It seems to me that the better you get at doing one thing, the worse you get at doing everything else. All the time you spend practicing and refining one skill robs you of the time you could have spent pursuing other interests. Consider the example of Bette Midler. She sings, she dances, she acts… but there is a 100-percent chance that Bette Midler is not your favorite actress and dancer AND recording artist, because to excel at one thing, she has had to accept an unavoidable level of mediocrity at everything else. With that in mind, don’t you wonder what Bette Midler excels at? It’s certainly not anything I’ve seen her do... unless wrecking a figurative train is a notable skill.

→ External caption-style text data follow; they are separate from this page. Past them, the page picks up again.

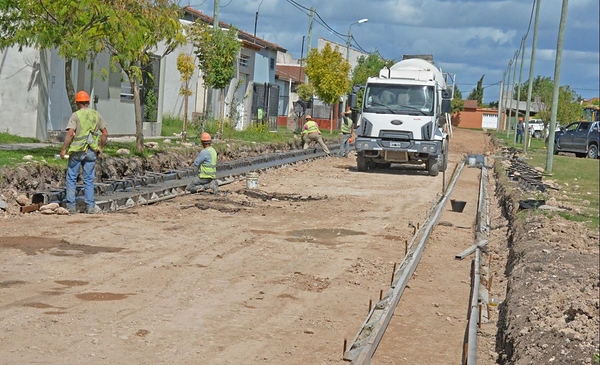 Avanzan las obras en tres barrios de la ciudad | Infoeme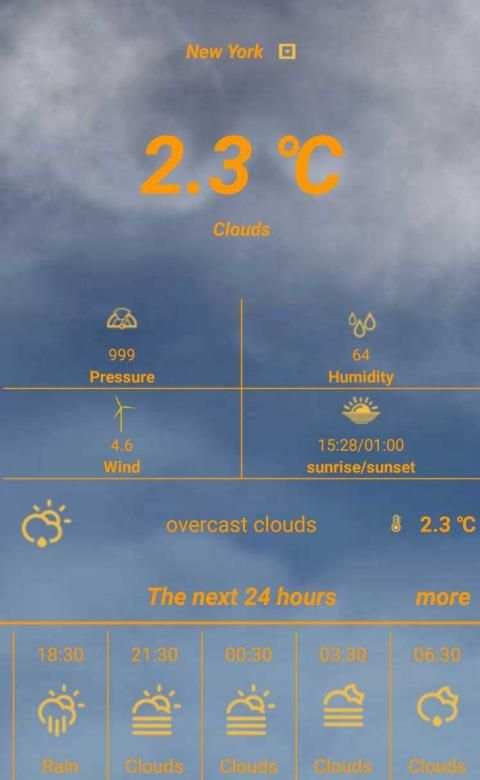 SmartWeather screenshot 5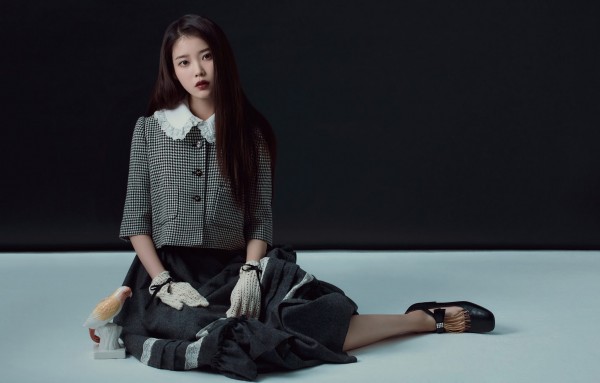 아이유 ELLEME 화보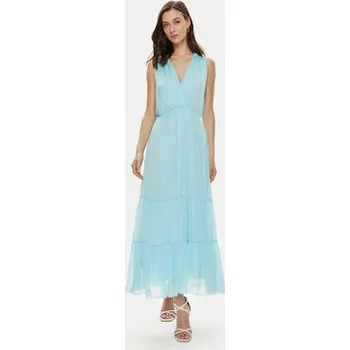 Dámské šaty Haveone Letní šaty AFF-L010 Modrá Regular Fit L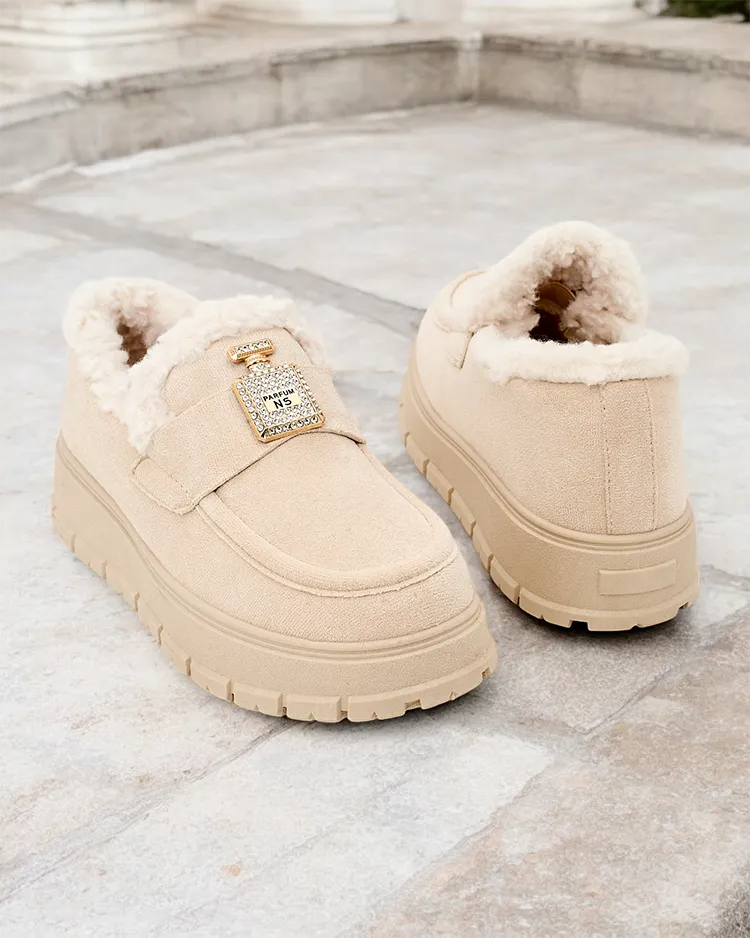 Royalfashion Дамски изолирани мокасини Viserr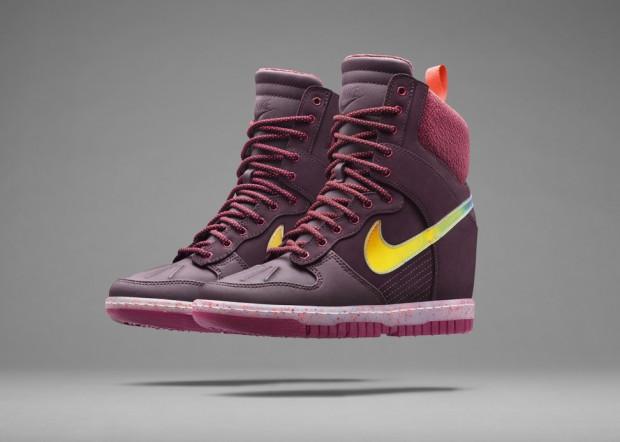 NIke Dunk Sky Hi SneakerBoot NIke Dunk Sky Hi SneakerBoot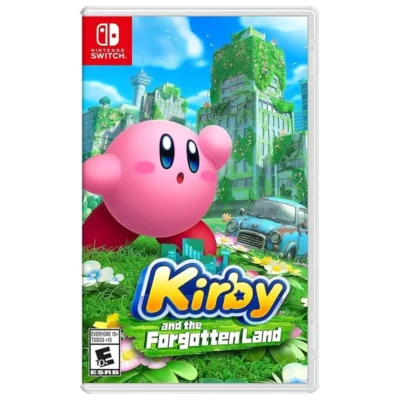 Kirby And The Forgotten Land For Switch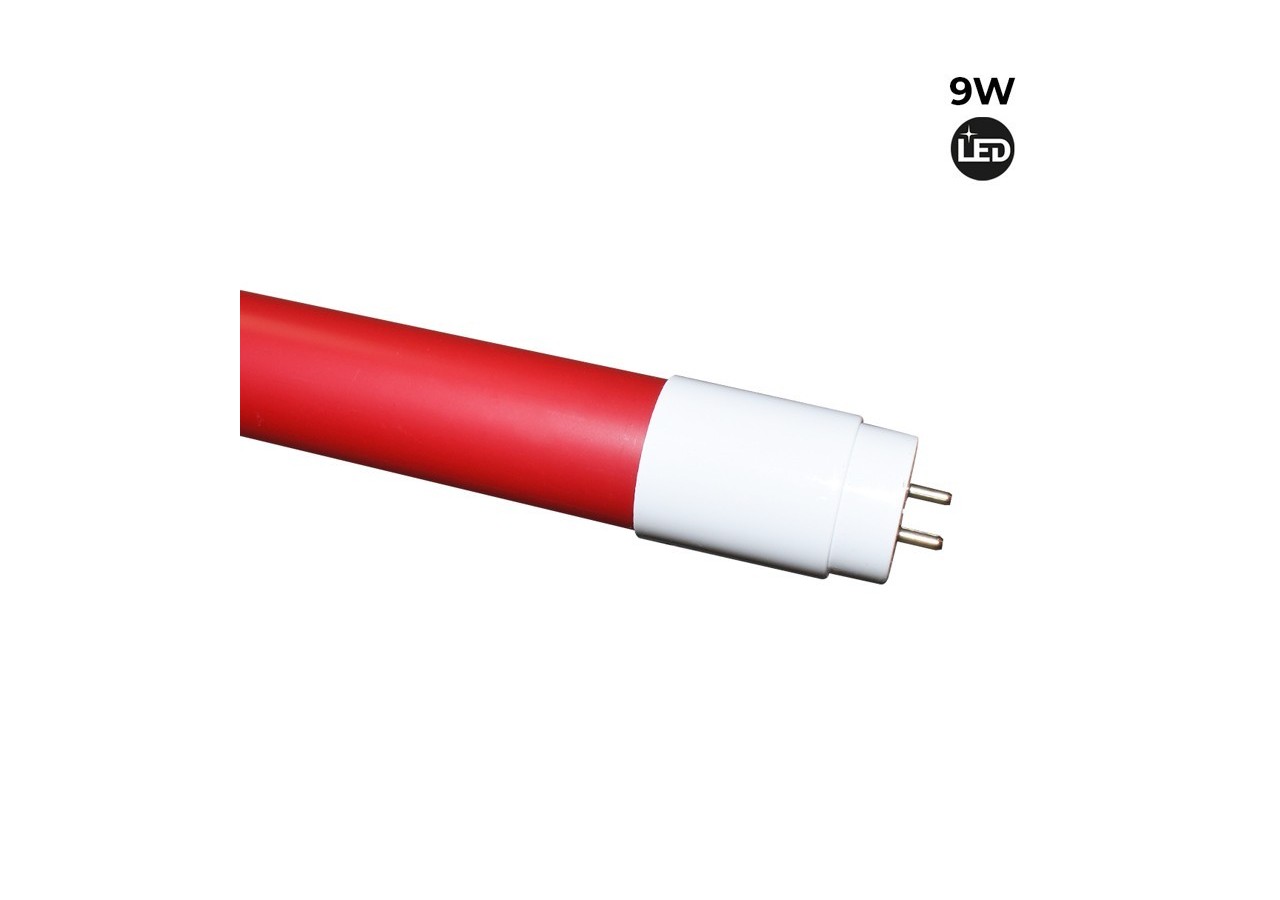 Tube de couleur LED T8 60cm-9W - B4000-60-RO - Barcelona LED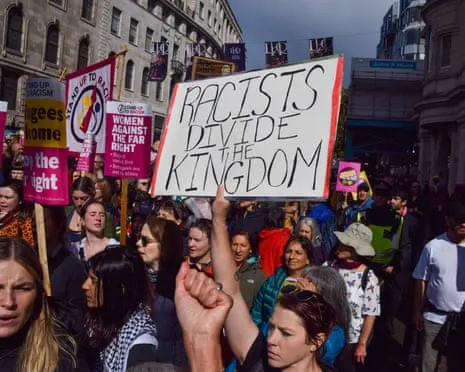 Britain Faces 'Struggle of This Era' Following Extremist March, Declares Keir Starmer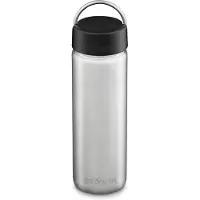 Klean Kanteen Wide Single Wall 800 ml / 27oz - RVS Zilver - met brede ringdop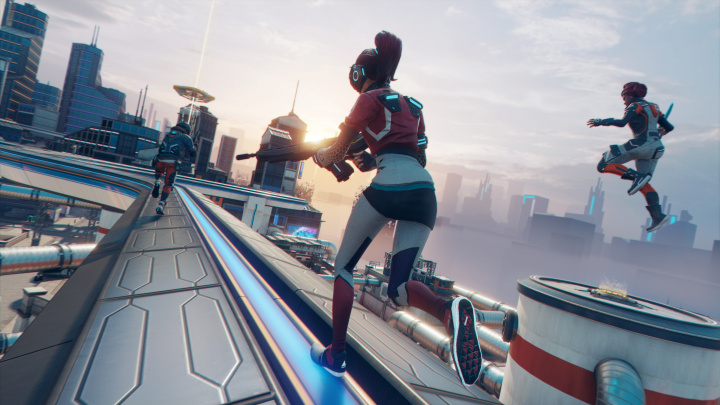 Battle royale Hyper Scape má problémy, tvůrci předělávají základní systémy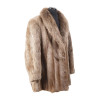 VINTAGE AMERICAN STATEN ISLAND WOMENS FUR COAT PIC-1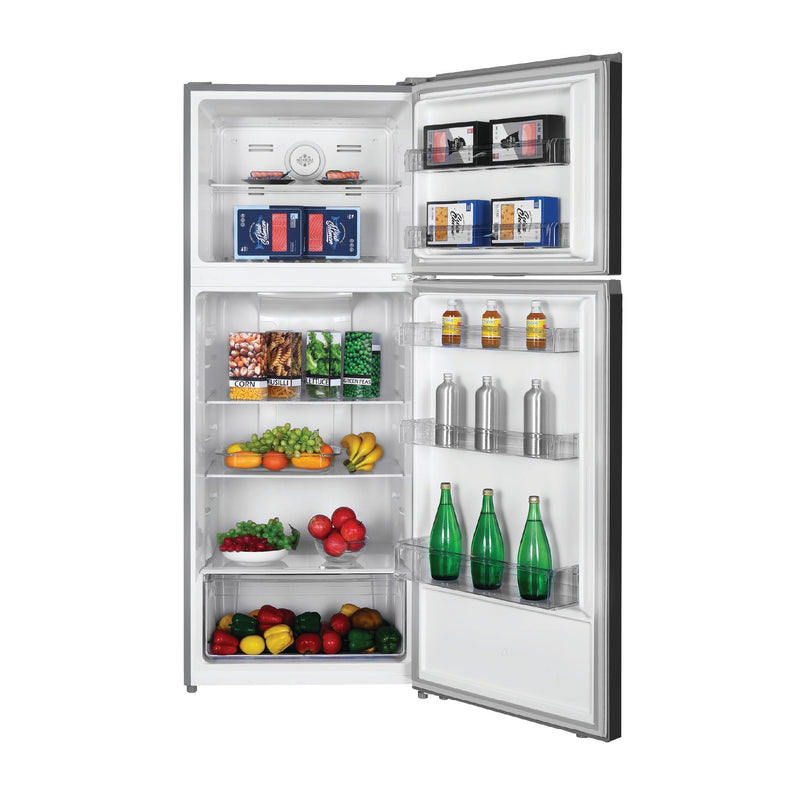 EuropAce Lumine Series 415L Top Mount Fridge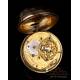 Antique Swiss Jaques Coulin & Amy Bry Verge Fusee Pocket Watch. Circa 1785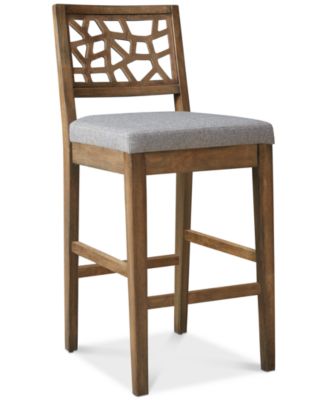 Furniture - Crackle Bar Stool, Direct Ship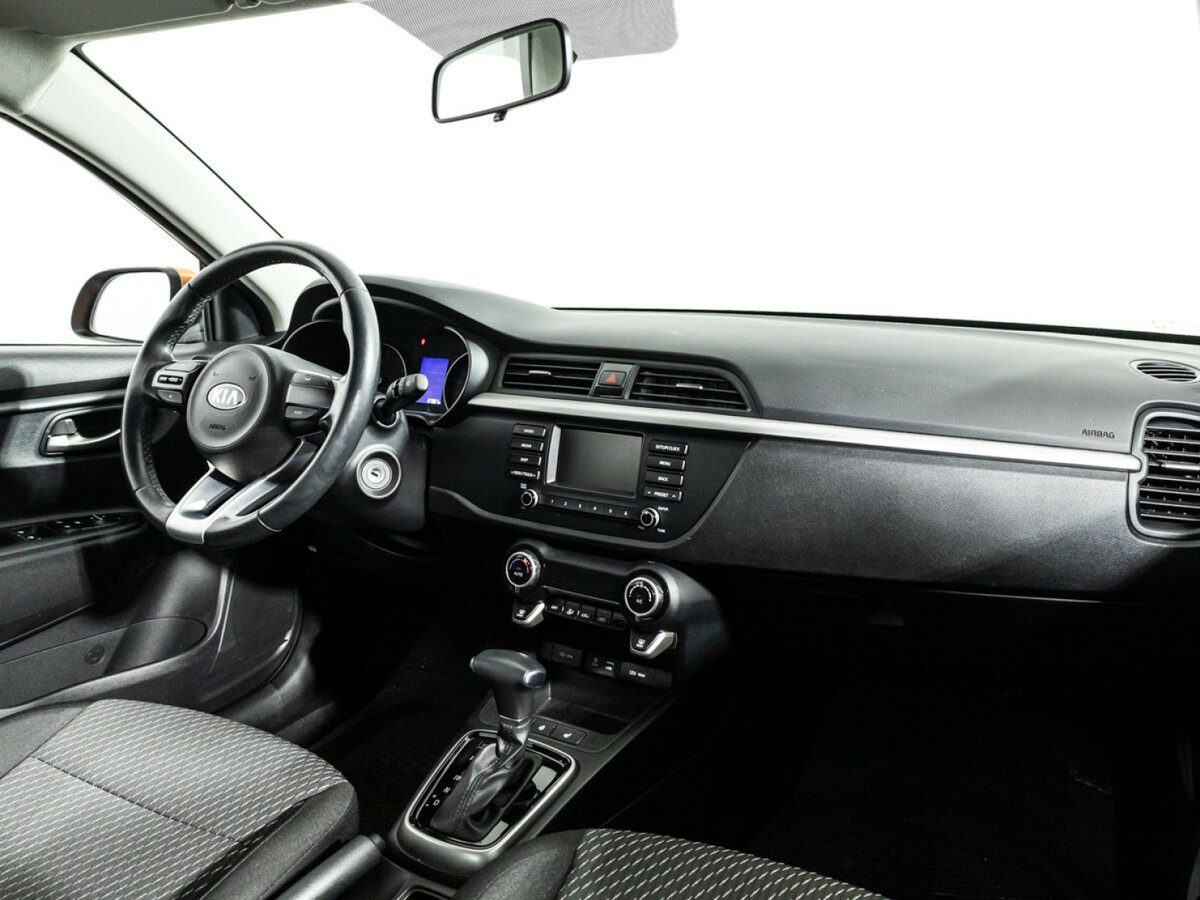 Kia Rio 2017 года с пробегом. Фото: #8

I mention this talent based give-and-take because it’s so clearly evident in the comparison of these two drawings that I did 25 years apart. As you can see, my ability to draw consistently-sized tires has improved dramatically, but while mastering that skill, my attention to hubcap detail has suffered. I’ve also found that the effort I’ve put into improving my drawing skill over the years has had an adverse effect on some of my other talents, such as my ability to read, to resist sugary snacks, or to care about what other people are saying. I don’t miss those things, though. Life goes on without them.
My first thought when I found this old drawing was, “What’s in the box?” The unfortunate answer: Dalmatian puppies. This is precisely why you’ll never hear of anyone giving an entire box of free puppies to a rabbit. Happy 25th Anniversary to my unique understanding of "animal cruelty."